§ **TASK MATERIAL**
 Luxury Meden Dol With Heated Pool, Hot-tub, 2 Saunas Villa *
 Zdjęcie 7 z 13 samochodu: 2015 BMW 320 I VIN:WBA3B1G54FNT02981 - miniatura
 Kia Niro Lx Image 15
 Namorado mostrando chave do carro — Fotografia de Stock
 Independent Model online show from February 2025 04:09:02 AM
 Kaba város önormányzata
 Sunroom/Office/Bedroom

==

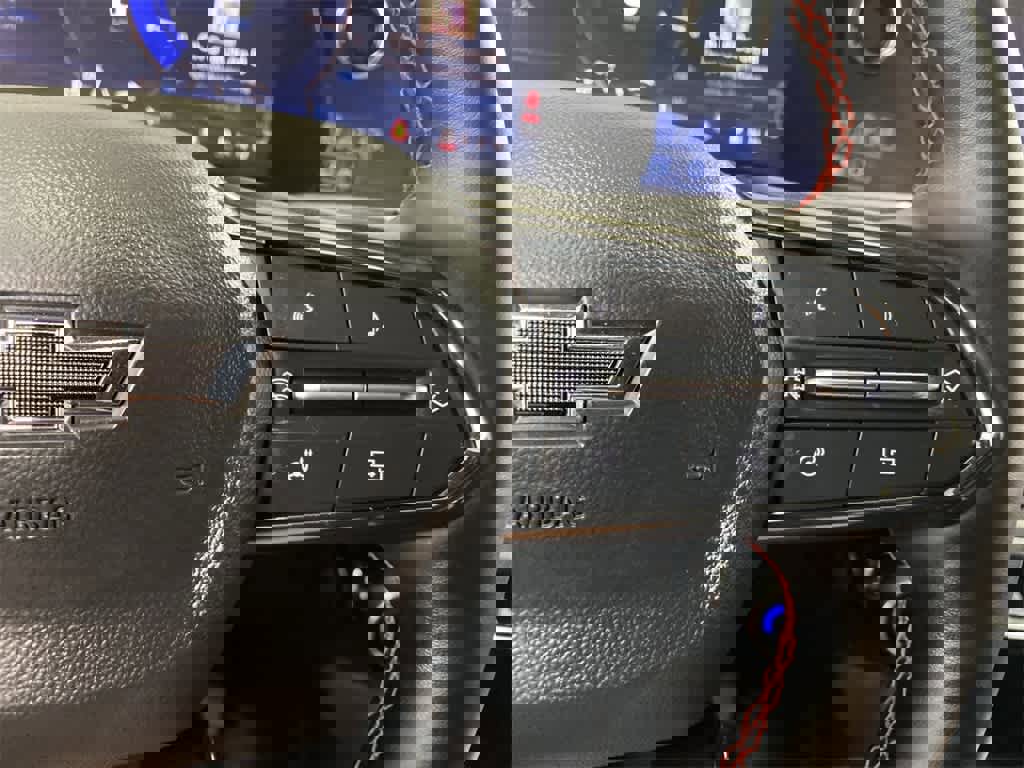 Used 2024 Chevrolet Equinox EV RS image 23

---

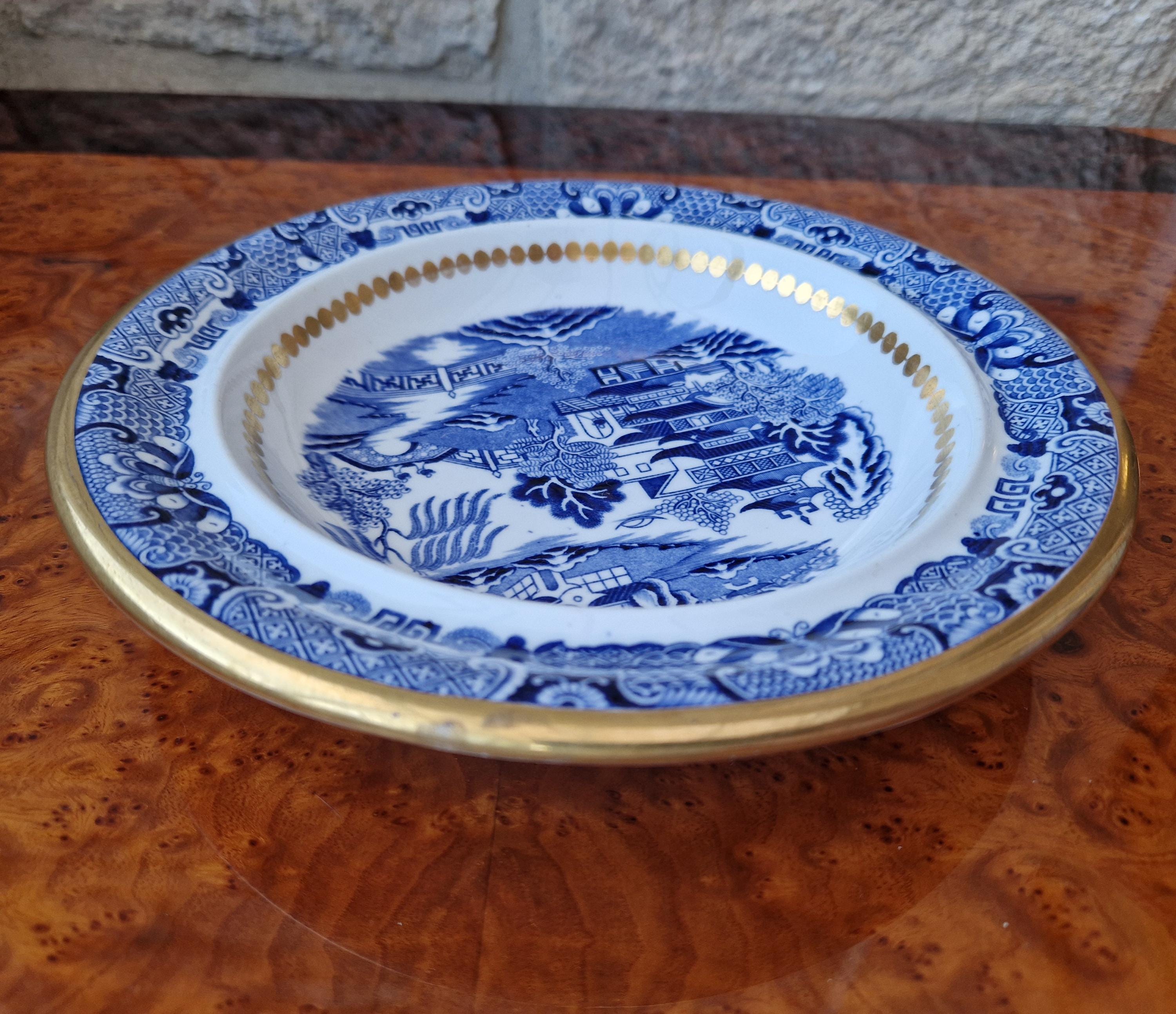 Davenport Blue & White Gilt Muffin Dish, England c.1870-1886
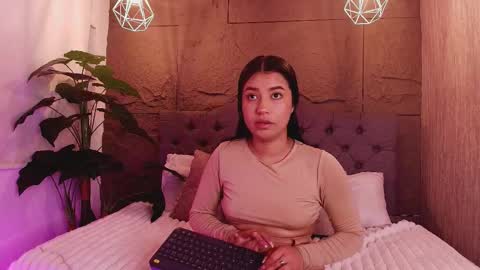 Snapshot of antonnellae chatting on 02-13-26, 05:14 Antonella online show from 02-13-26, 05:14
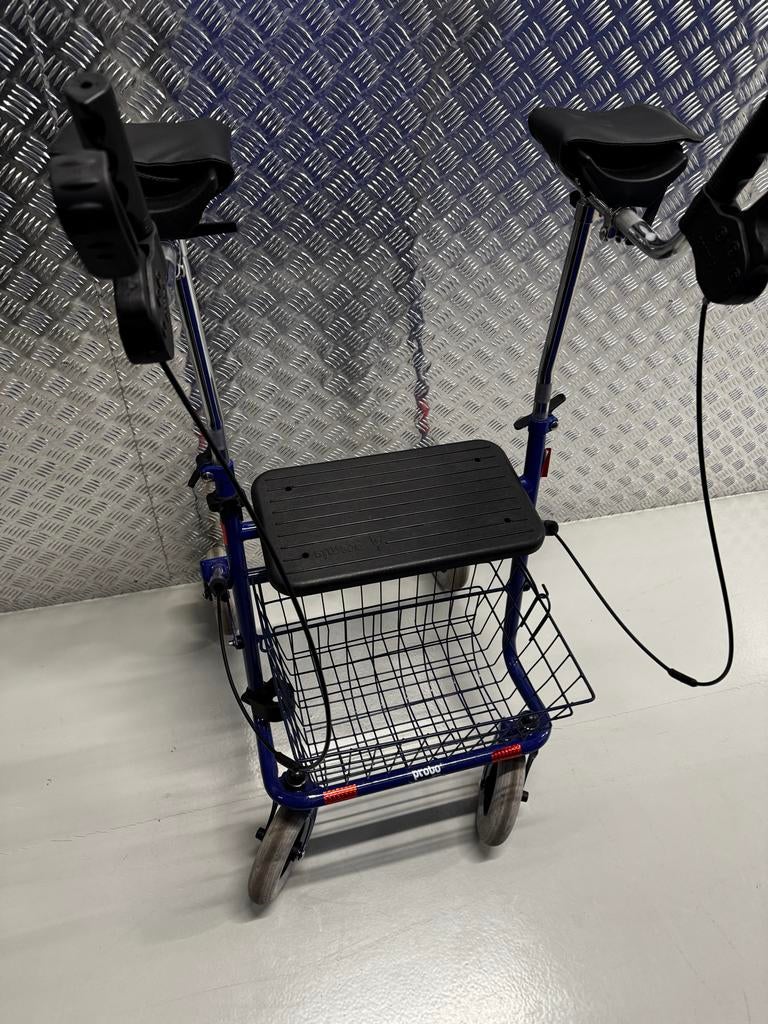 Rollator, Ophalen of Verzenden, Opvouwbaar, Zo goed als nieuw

§ **WORK INSTRUCTION**
When you reach the line with "Kia Niro Lx Image 15" in the records above, start writing out lines exactly, and stop once the line with "Sunroom/Office/Bedroom" has been written; include nothing else.

§ **TASK OUTPUT**
 Kia Niro Lx Image 15
 Namorado mostrando chave do carro — Fotografia de Stock
 Independent Model online show from February 2025 04:09:02 AM
 Kaba város önormányzata
 Sunroom/Office/Bedroom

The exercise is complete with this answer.